Short text fragments from websites |
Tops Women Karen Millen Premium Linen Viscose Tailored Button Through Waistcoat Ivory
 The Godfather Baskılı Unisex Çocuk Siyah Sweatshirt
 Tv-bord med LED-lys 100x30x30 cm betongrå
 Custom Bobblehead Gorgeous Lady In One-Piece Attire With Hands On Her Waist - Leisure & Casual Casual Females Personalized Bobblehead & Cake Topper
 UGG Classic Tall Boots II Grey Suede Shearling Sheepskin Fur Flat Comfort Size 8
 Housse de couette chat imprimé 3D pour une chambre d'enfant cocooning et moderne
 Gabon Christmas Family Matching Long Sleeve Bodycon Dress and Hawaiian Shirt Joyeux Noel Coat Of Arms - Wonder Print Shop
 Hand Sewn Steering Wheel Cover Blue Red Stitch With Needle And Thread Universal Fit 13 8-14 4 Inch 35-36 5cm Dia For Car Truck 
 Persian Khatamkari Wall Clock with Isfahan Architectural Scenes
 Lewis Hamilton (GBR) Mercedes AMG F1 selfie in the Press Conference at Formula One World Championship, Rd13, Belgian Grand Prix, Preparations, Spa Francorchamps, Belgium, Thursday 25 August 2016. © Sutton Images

Goal of the exercise | All of the entries need to be given again, word for word.

Problem solution |
Tops Women Karen Millen Premium Linen Viscose Tailored Button Through Waistcoat Ivory
 The Godfather Baskılı Unisex Çocuk Siyah Sweatshirt
 Tv-bord med LED-lys 100x30x30 cm betongrå
 Custom Bobblehead Gorgeous Lady In One-Piece Attire With Hands On Her Waist - Leisure & Casual Casual Females Personalized Bobblehead & Cake Topper
 UGG Classic Tall Boots II Grey Suede Shearling Sheepskin Fur Flat Comfort Size 8
 Housse de couette chat imprimé 3D pour une chambre d'enfant cocooning et moderne
 Gabon Christmas Family Matching Long Sleeve Bodycon Dress and Hawaiian Shirt Joyeux Noel Coat Of Arms - Wonder Print Shop
 Hand Sewn Steering Wheel Cover Blue Red Stitch With Needle And Thread Universal Fit 13 8-14 4 Inch 35-36 5cm Dia For Car Truck 
 Persian Khatamkari Wall Clock with Isfahan Architectural Scenes
 Lewis Hamilton (GBR) Mercedes AMG F1 selfie in the Press Conference at Formula One World Championship, Rd13, Belgian Grand Prix, Preparations, Spa Francorchamps, Belgium, Thursday 25 August 2016. © Sutton Images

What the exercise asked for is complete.